◆ **AVAILABLE DATA**
::::

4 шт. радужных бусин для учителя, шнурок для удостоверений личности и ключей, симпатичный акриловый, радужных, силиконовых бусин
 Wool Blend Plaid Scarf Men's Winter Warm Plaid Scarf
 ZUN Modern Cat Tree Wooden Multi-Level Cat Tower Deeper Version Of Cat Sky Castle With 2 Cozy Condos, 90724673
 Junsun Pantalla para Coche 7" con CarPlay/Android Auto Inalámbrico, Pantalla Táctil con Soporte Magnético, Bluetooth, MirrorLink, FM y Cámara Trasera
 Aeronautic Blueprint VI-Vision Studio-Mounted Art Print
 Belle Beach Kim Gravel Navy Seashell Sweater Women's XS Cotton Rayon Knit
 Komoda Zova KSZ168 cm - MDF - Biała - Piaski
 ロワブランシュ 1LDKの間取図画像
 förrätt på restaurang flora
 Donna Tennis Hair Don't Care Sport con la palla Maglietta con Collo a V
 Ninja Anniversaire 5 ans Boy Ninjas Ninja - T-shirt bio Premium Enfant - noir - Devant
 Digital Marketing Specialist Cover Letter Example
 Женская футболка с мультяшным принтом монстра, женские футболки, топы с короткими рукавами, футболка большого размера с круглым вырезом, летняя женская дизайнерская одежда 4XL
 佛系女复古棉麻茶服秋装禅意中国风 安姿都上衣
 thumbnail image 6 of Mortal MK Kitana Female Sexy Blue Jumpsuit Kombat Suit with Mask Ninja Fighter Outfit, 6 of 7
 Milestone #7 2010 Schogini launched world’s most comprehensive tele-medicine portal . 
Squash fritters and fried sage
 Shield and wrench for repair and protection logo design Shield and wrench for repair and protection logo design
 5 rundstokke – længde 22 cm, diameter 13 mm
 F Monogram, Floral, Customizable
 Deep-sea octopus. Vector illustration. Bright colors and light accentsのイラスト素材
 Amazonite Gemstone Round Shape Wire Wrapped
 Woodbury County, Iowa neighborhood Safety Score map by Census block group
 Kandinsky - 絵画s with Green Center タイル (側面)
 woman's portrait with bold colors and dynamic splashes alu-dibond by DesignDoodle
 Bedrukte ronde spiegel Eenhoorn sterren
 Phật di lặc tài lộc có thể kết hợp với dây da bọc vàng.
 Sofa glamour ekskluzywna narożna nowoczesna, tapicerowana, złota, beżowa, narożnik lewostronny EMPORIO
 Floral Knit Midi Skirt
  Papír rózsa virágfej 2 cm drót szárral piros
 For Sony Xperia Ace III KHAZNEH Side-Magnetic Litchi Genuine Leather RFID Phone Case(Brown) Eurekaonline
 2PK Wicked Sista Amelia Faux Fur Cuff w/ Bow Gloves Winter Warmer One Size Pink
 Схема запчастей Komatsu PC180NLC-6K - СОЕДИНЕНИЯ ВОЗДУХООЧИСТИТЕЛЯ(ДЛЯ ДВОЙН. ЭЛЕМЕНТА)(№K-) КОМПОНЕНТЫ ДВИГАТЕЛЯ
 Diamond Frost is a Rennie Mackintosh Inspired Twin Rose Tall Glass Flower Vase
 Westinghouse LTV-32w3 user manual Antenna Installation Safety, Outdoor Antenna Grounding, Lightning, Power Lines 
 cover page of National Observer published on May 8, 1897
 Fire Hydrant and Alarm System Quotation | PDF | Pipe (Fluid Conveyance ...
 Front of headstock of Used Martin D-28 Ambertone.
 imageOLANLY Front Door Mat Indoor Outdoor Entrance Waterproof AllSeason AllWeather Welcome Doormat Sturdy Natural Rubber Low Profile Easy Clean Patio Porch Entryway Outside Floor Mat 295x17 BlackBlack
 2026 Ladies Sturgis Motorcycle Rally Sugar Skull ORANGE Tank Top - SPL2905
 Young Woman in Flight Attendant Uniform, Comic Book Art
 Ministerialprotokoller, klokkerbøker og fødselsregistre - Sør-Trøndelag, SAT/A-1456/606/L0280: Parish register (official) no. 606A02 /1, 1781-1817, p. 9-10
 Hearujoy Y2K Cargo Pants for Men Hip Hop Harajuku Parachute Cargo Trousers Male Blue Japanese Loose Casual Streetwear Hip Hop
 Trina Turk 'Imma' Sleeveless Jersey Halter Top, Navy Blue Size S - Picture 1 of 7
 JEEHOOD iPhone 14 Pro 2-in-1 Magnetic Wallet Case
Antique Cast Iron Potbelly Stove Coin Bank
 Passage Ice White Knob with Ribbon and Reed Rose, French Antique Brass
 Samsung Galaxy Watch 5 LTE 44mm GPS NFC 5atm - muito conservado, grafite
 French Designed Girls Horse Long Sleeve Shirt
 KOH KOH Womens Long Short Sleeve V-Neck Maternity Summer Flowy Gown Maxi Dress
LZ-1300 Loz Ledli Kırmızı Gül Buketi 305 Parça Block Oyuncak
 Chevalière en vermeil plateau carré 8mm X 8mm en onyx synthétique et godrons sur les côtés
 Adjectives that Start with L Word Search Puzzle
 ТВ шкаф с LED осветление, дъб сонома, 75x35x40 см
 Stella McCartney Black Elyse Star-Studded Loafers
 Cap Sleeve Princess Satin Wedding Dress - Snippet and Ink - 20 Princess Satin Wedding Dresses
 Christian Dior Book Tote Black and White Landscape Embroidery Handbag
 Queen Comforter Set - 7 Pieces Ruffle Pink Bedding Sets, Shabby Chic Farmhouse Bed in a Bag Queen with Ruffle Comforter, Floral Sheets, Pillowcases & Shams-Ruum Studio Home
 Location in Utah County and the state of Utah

::::

◆ **WHAT YOU SHOULD DO**
Show each line from the material above where the string "Pink" can be found.

◆ **TASK ANSWER**
 2PK Wicked Sista Amelia Faux Fur Cuff w/ Bow Gloves Winter Warmer One Size Pink
 Queen Comforter Set - 7 Pieces Ruffle Pink Bedding Sets, Shabby Chic Farmhouse Bed in a Bag Queen with Ruffle Comforter, Floral Sheets, Pillowcases & Shams-Ruum Studio Home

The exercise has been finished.